Automatic Data Processing Inc.'s rejection of Bill Ackman's board candidates will leave the decision in shareholders' hands. That's not great news for the activist.
Ackman articulated some valid criticisms of the provider of outsourced human resources services in his three-and-a-half hour, 167-page presentation on the company last week. But I'm doubtful it went far enough to turn investors against the current management team at ADP. There's a reason why companies that have handily outperformed benchmark indexes don't tend to make ideal activist targets. It's never been clear what Ackman and his two other board nominees could do that the current directors couldn't.
The crux of Ackman's argument was that ADP could meaningfully increase its margins by improving its technology and simplifying its bloated corporate and service-team structure. These are not new issues at ADP; Evercore ISI's David Togut pointed out the company's market share losses in June. Management could move more aggressively, but structural disadvantages and the risk of disruption for clients made analysts skeptical of Ackman's targeted 1200 basis points of overall EBIT margin expansion by fiscal 2022.
Either way, it seems like investors will give the current management team an opportunity to correct the problem. They've earned that much. Few companies in general, let alone activist targets, command the level of respect and loyalty that equity analysts and prominent one-time shareholder and board member Leon Cooperman have shown to ADP amid this proxy fight.

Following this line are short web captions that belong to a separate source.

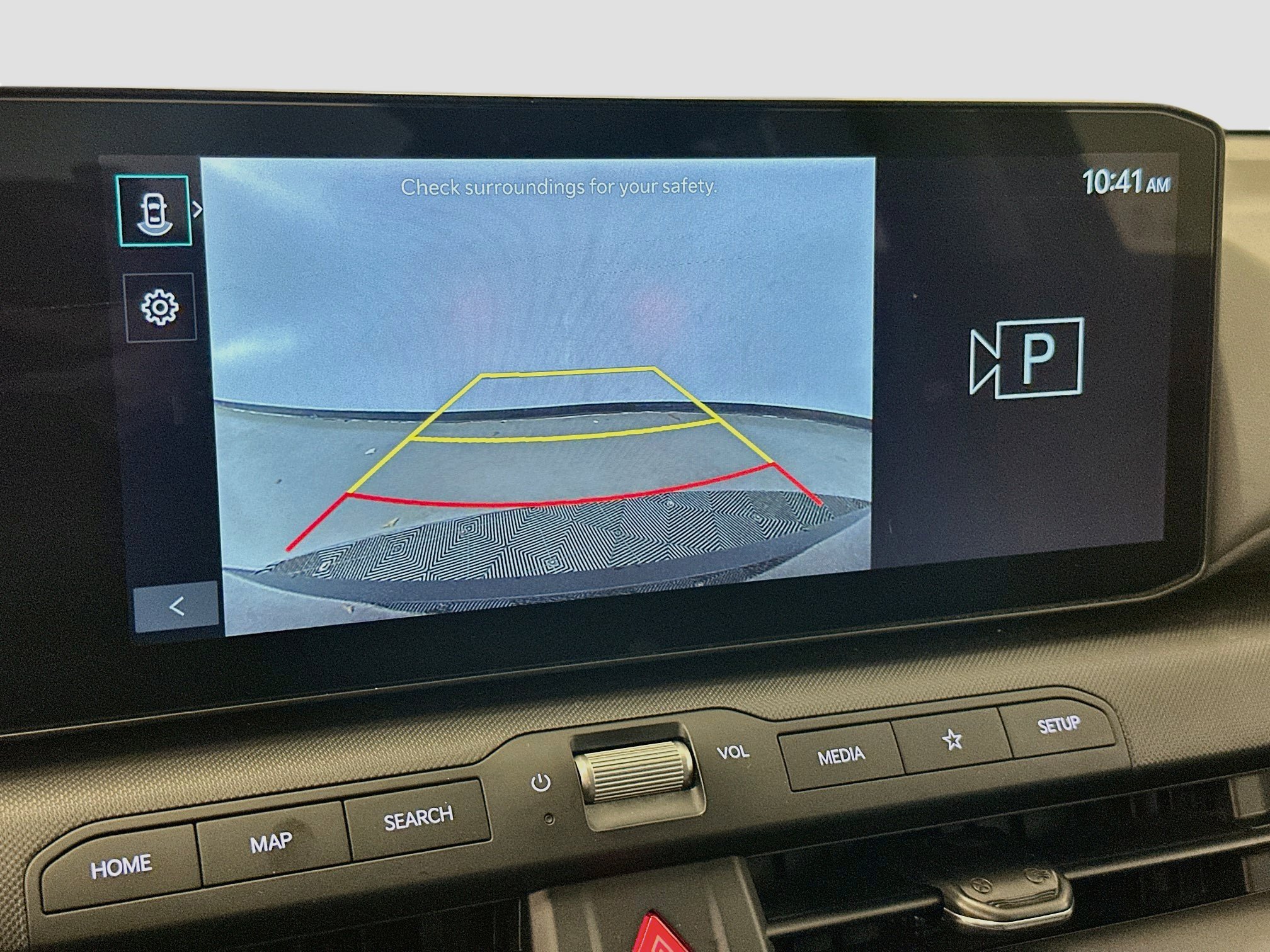 Used 2025 Kia K4 FWD image 23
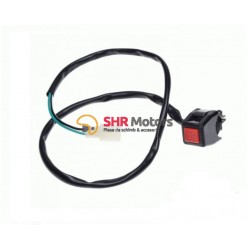 Buton universal oprire ATV / Moto / Cross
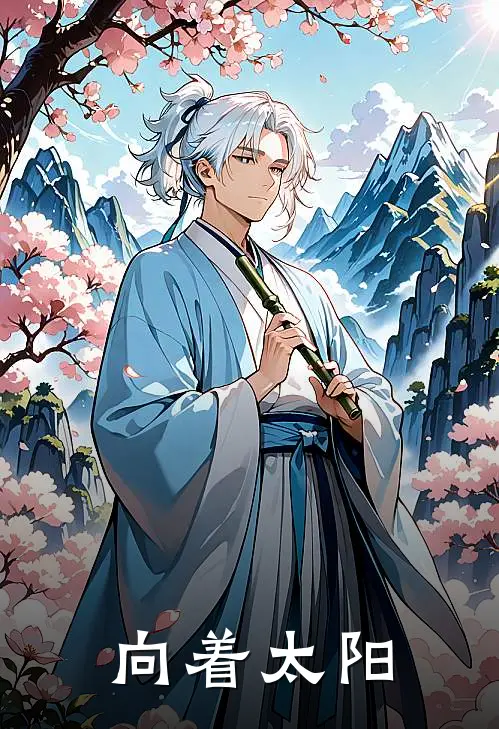 向着太阳(云观云韵)完结版免费阅读_向着太阳全文免费阅读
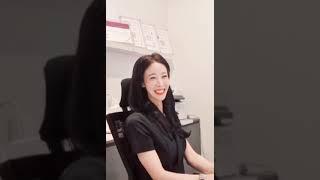 #동안언니 브이로그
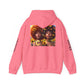 Oyera Charisma Hooded Sweatshirt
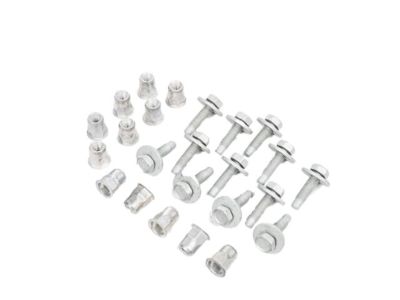 Mopar 68044460AA Hardware Kit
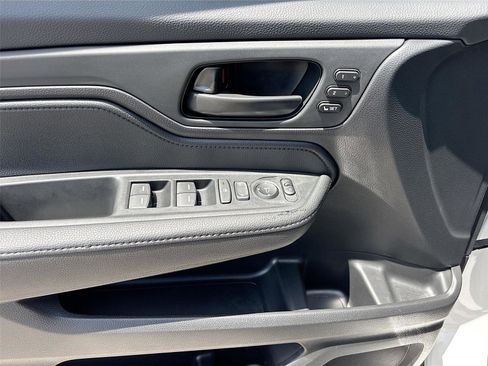 Certified 2026 Honda Odyssey EX-L image 20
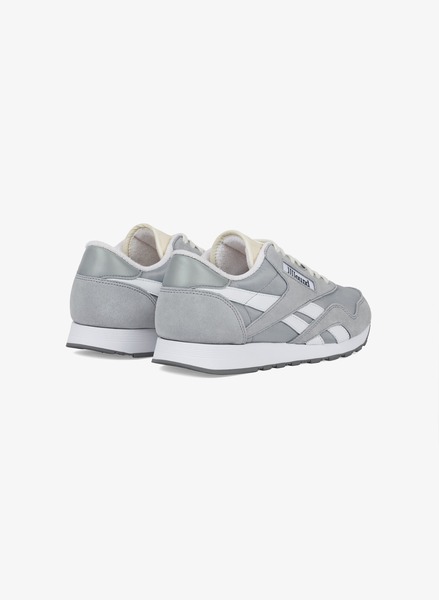 Ténis Reebok Lite 2.0 preto fosco branco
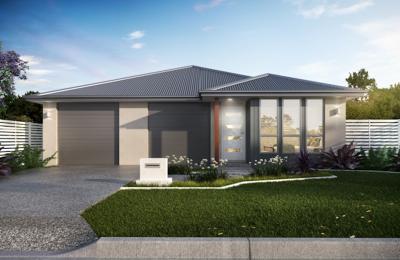 3-Bedroom, 2-Bathroom Dual Occupancy in SILKWOOD ENCLAVE, URANGAN, QLD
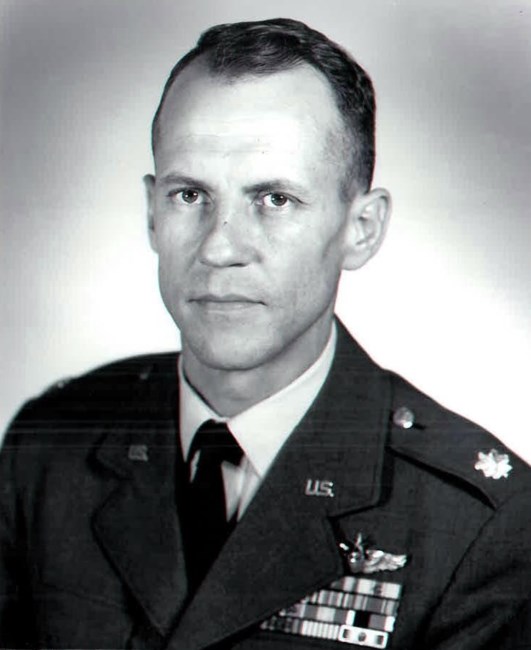 Avis de décès de Kenneth H. Barber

And that raises an interesting quandary for Ackman. It's entirely possible that he could win at ADP on any stock gains as the company takes steps to address some of his criticisms, but still suffer a loss from a publicity standpoint on his activist goals. By most accounts, his battle at ADP isn't looking like the glorious post-Valeant Pharmaceuticals International Inc. and Chipotle Mexican Grill Inc. comeback he might have hoped it would be. (Add to that, his well-documented bet against Herbalife Ltd. took a blow on Monday as the company announced an aggressive buyback plan.) Ackman says he didn't want his ADP campaign to turn into a proxy fight, but he has largely himself to blame for this souring of relations.
ADP CEO Carlos Rodriguez got reprimanded by Egan Jones for calling Ackman a "spoiled brat," with the proxy-advisory firm noting such a comment highlights the lack of shareholder input on running the company. But Rodriguez also wasn't wrong. Ackman started this process by demanding special treatment: He wanted the company to agree to extend the nomination window for board candidates, but wasn't very upfront about the details of his plan for "transformational change." Cooperman was also irritated by Ackman's approach, calling it "destructive."
Cooperman likely won't be the only one. Big asset managers such as BlackRock Inc. have been pushing back against settlements with activist investors that limit their opportunity to make their own voice heard. Ackman has a long horizon (in activist terms) for his ADP plan; it's not too late to rethink his approach.